I really do believe in Canon, the firmware is user friendly.  I have 8 Canons SLR's from 8 mg to 21 mg.  They all have very similar features.  There is much I could tell you about this....bottom line is if you were my brother or relative, and you did not want to shoot video off your SLR ( few really do ), this is a great model for you. 

If you need help with anything or don't understand something, I would certainly help anyone on this site...lord knows I have asked my share of questions about pens.
Just PM me....
Mike  aka: Moke


----------



## DJS588

*Macro work*

I just left a message for Mark, and thought you might want to check out the same, namely, a set of Kenko Extension tubes. They provide for true magnification of the image, i.e. the tubes are, generally, 10mm, 20mm, & 30mm's in length. The magnification is calculated by dividing the length of the tubes by the focal length of the lens. so if you have 60mm's of the tubes and the lens is set at 20mm, you will have a 3x magnification.
In addition to pens, think of what you could do with flowers, bugs, etc.
Just a thought.


----------



## stolicky

I have had the XS for close to a year and a half.  It was my first SLR camera and I made it a point to learn how to use it.  I wanted it for our baby and taking pics of pens.  I did a lot of reading and practicing.  I also took a couple of short classes, but I really didn't learn anything I didn't already read.

From what I have read, the 75-300 lens is Canon's worst lens.  You will notice that they can barely give it away sometimes.

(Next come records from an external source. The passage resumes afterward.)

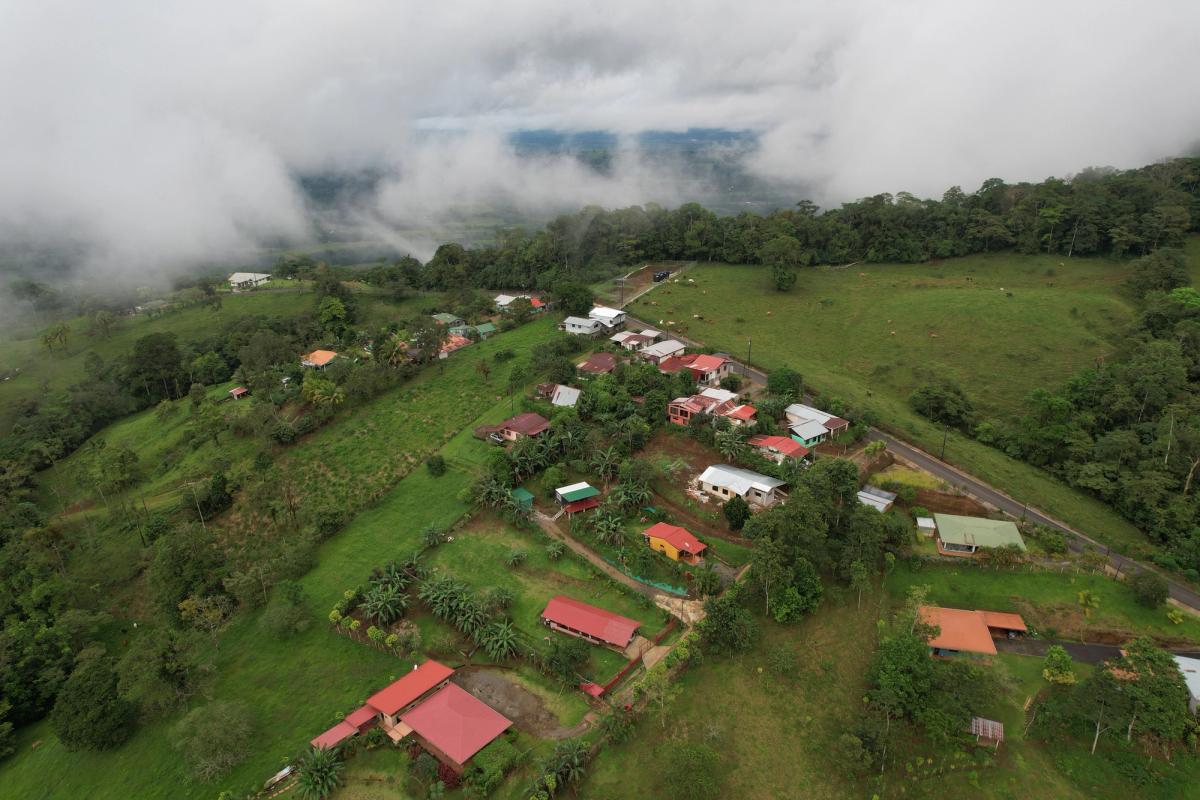 Home with Large Lot for Sale in La Tesalia | San Carlos
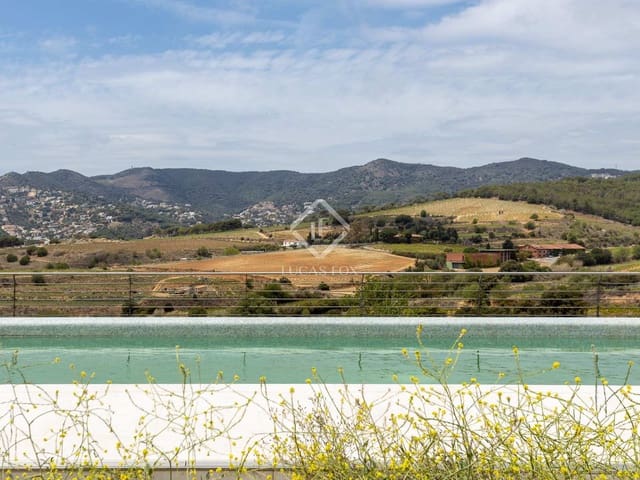 7 soverom Villa til salgs i Teià med svømmebasseng garasje - € 3 900 000 (Ref: 7565144)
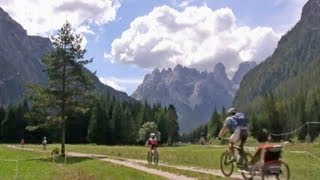 preview picture of video 'Der Lange Weg der Dolomiten / The Long Trail of the Dolomites'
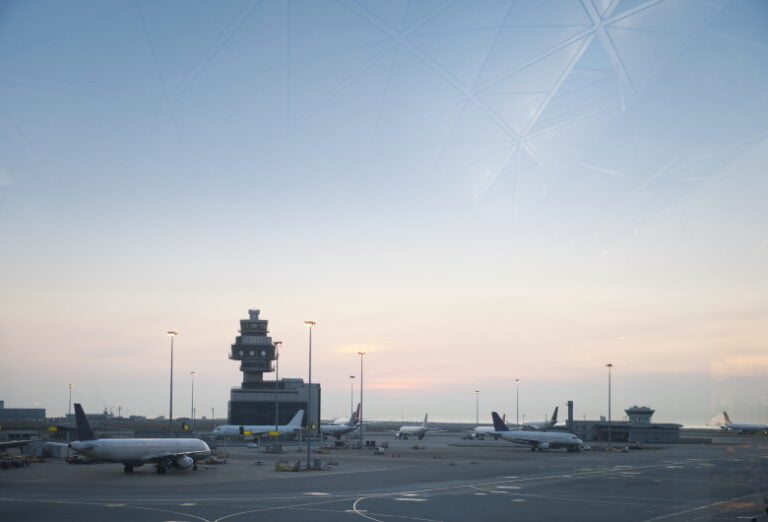 Konstruksi-Tower-Komunikasi-untuk-Pemantauan-Keselamatan-di-Area-Pertambangan-DCT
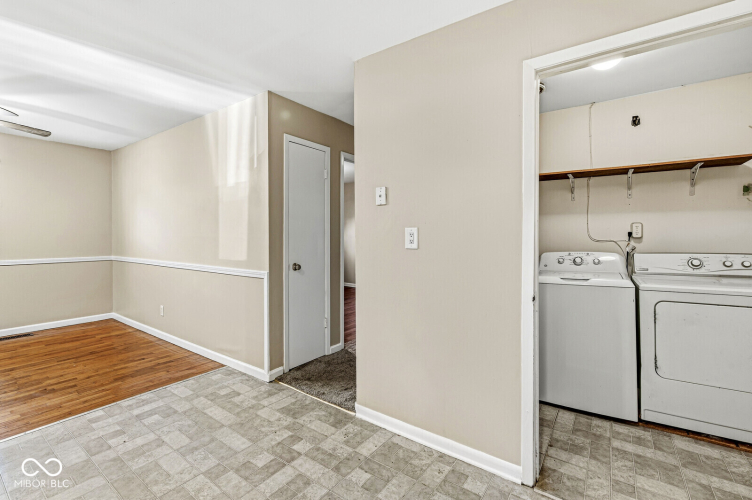 Listing Image 14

Its been a great camera.  I have also invested in nice glass for it.  Don't get hung up on the megapixel battle.  Mike is right.  As far as video goes, we bought a Panasonic (I usually prefer Canons) ZS3 that shoots 720p HD and it works great.  Plus, anyone can use it.  SLRs take some learning.


----------



## toddlajoie

DJS588 said:


> I just left a message for Mark, and thought you might want to check out the same, namely, a set of Kenko Extension tubes. They provide for true magnification of the image, i.e. the tubes are, generally, 10mm, 20mm, & 30mm's in length. The magnification is calculated by dividing the length of the tubes by the focal length of the lens. so if you have 60mm's of the tubes and the lens is set at 20mm, you will have a 3x magnification.
> In addition to pens, think of what you could do with flowers, bugs, etc.
> Just a thought.



An important thing to consider with these is that they reduce the bightness of the scene by roughly the same as their magnification. So a 3x magnification also means the light hitting the camera is 3x darker and your lens's maximum aperture is reduced by the same 3x. In many cases this can bring the light level down below the sensitivity of the camera's metering system, making exposure a guessing game unless you have a few spare 500Watt floodlights hanging around, and unless you have a very fast lens, you may loose autofocus (typically the max aperture needs to be above 5.6 or 8, so with a 3x magnification, your lens would need to be at LEAST f2.8 or maybe even f2 (if 5.6 is required). If the effective aperture falls below that, the autofocus cannot resolve the change in focus enough to be accurate. Of course if you can handle manual focus/exposure, you can ignore any of this...


----------



## mbroberg

I really appreciate all of the good advice.  Checking on Amazon for some sort of book is a great idea.  Thanks!


----------



## moke

IMHO, I am really not sure why you would want extension tubes to photograph pens....toddlajoie is exactly right.. they are a pain in ---- and unless you are really trying to make something the size of a dime or less the entire frame they are not needed.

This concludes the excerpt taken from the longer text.